Mais, comme tous les hommes de sa génération, mon très résilient papa ne savait pas comment s'investir dans le développement affectif d'un gamin. Il fait partie de cette classe de pères qui, pour montrer leurs sentiments, préfèrent le chemin des actions à celui des mots. Mon père est l'archétype de cette génération de papas qui répondent aux questions sans jamais ouvrir la bouche.

J'ai longtemps pensé qu'il mettait en pratique le dicton «Quand on n'a rien à dire, mieux vaut se taire». Non, il personnalisait plutôt un autre proverbe de mon pays: «La route ne donne pas de renseignements au voyageur».

Mon père préférait m'accompagner que me raconter. Il ne me prêchait pas par amour, il m'aimait par l'exemple. Il était la route sur laquelle j'allais mon chemin. Il guidait mes pas, s'assurant que je bute parfois sur des petits cailloux pour apprendre à éviter les grosses roches, souhaitant une seule chose, que j'arrive à bon port par mes propres moyens.

Chaque fois que je quitte le Sénégal après mes vacances, pendant que ma mère, le coeur brisé, me cache ses larmes, mon père se contente de me donner la main en regardant par terre, les yeux sur le chemin que nous avons parcouru tant de fois, main dans la main au début, côte à côte par la suite, mais le plus souvent en silence. Mon père était là pour la famille, mais rarement avec la famille, parce qu'occupé continuellement à nous trouver de quoi manger.

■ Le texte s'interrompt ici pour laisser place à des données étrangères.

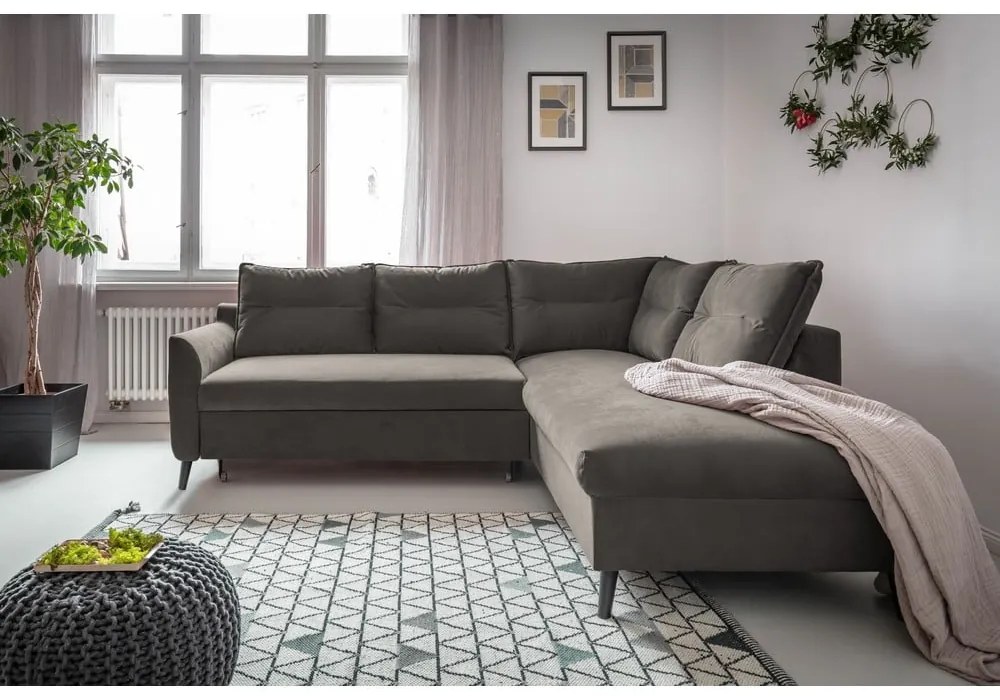 Divano letto angolare in velluto grigio scuro L, angolo destro Stylish Stan - Miuform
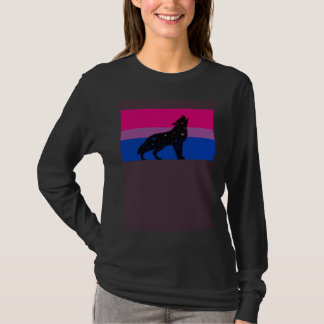 Camiseta Celestial Wolf Bisexual Pride Flag Tribal Galaxy A
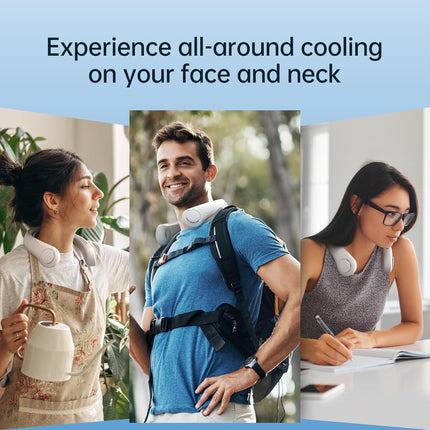 Jisulife Portable Neck Fan Upgraded, Necksupport Personal Fan Hands Free, 5 Speed Gears Adjustment, 3900 Mah Wearable Bladeless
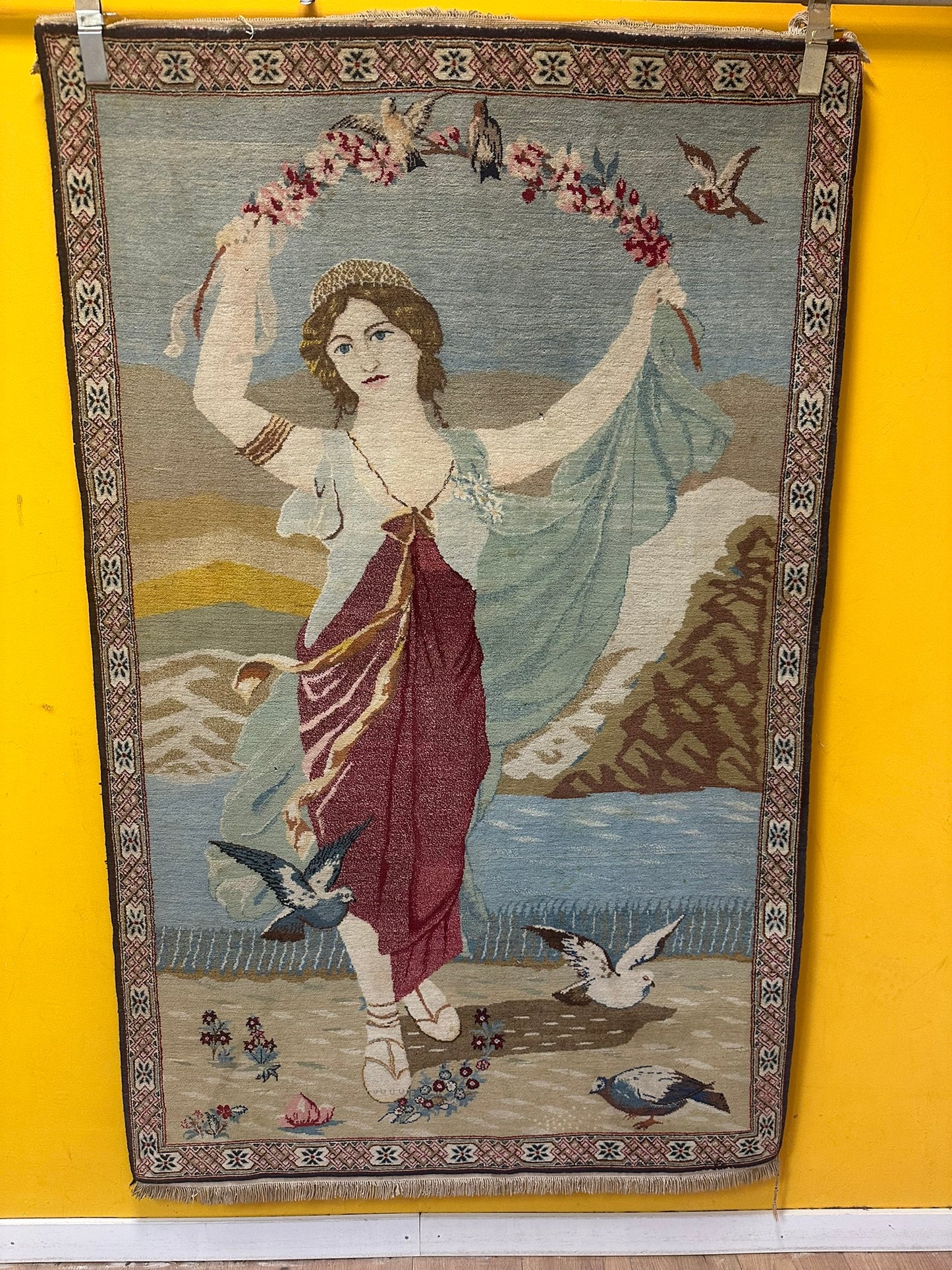 Orientteppich handgeknüpft Keschan Bilder teppich 176x110 cm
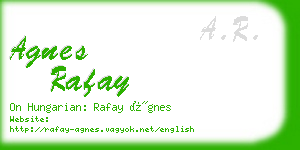 agnes rafay business card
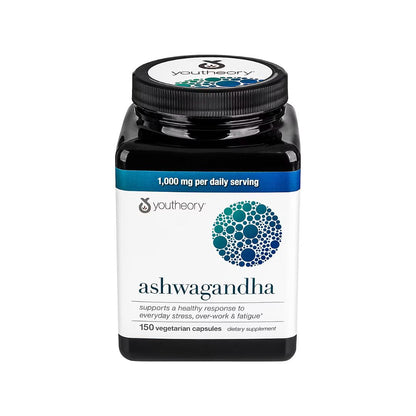 Youtheory Ashwagandha Vegetarian Capsules, 150 ct.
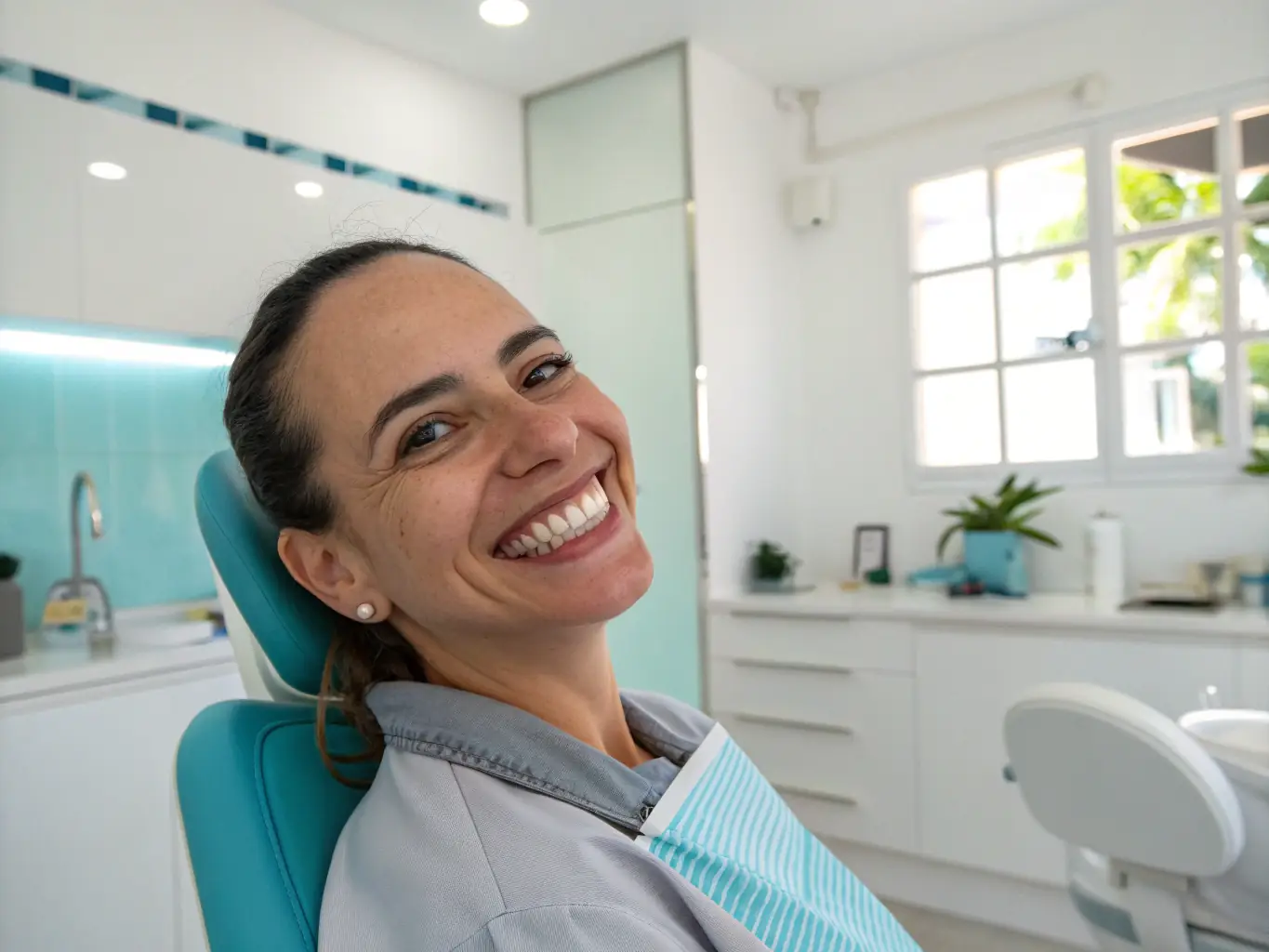 A person smiling confidently after receiving All-on-4 dental implants, showcasing a full and natural-looking smile.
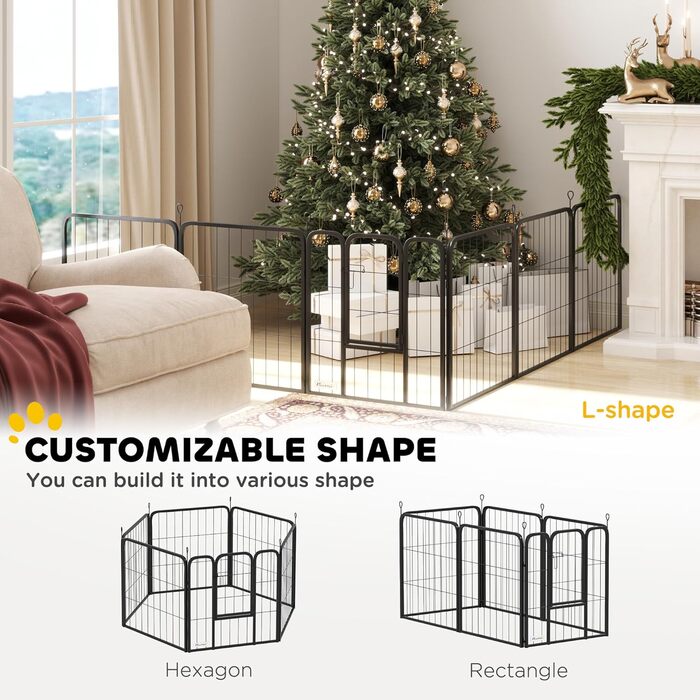 PawHut Двір для собак, 6 панелей, загон для цуценят, 60 см, міцний огорожа для тренування тварин, для дому та саду, 56 x 60 см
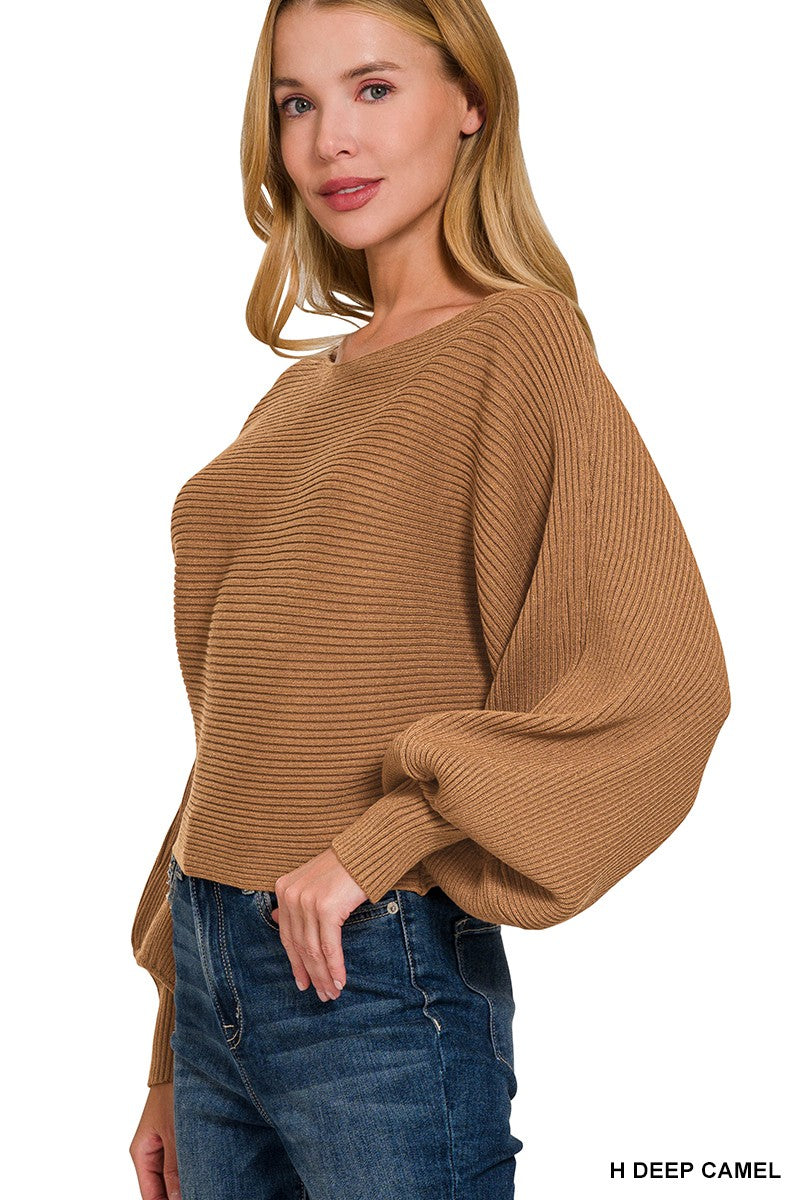 Zenana Boat Neck Balloon Sleeve Sweater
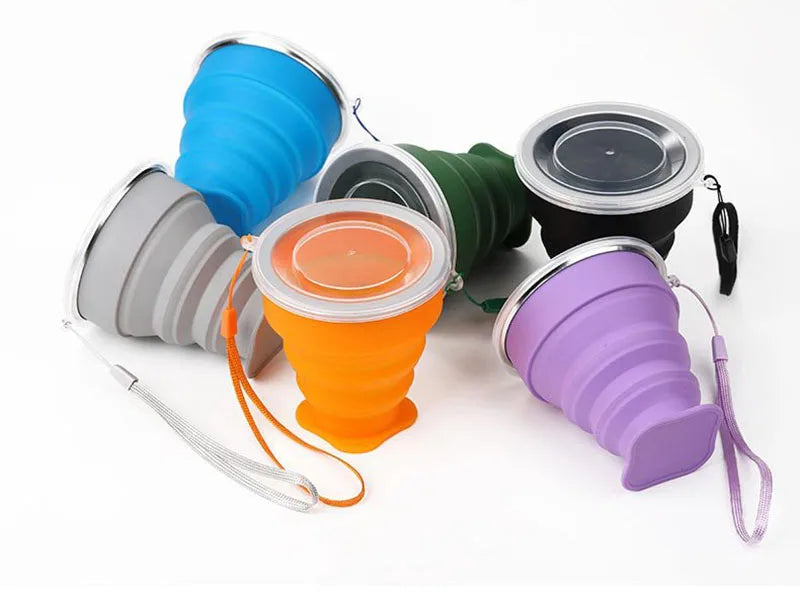 Taza Plegable de Silicona 200ml con Tapa | Snack & Go Anti-Derrames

C'est tous ces papas qui aiment dans le silence et éduquent par l'exemple; ces papas dont les émotions s'expriment souvent par des malaises; ces papas qui perdent leur moyen quand leurs enfants essayent de les serrer dans leurs bras; ces papas qui n'ont pas besoin de dire je t'aime pour qu'on le sache; ces papas dont le silence est plus audible que la parole, que je voudrais saluer en cette fête des Pères.

Bonne fête des Pères à tous les autres papas aussi!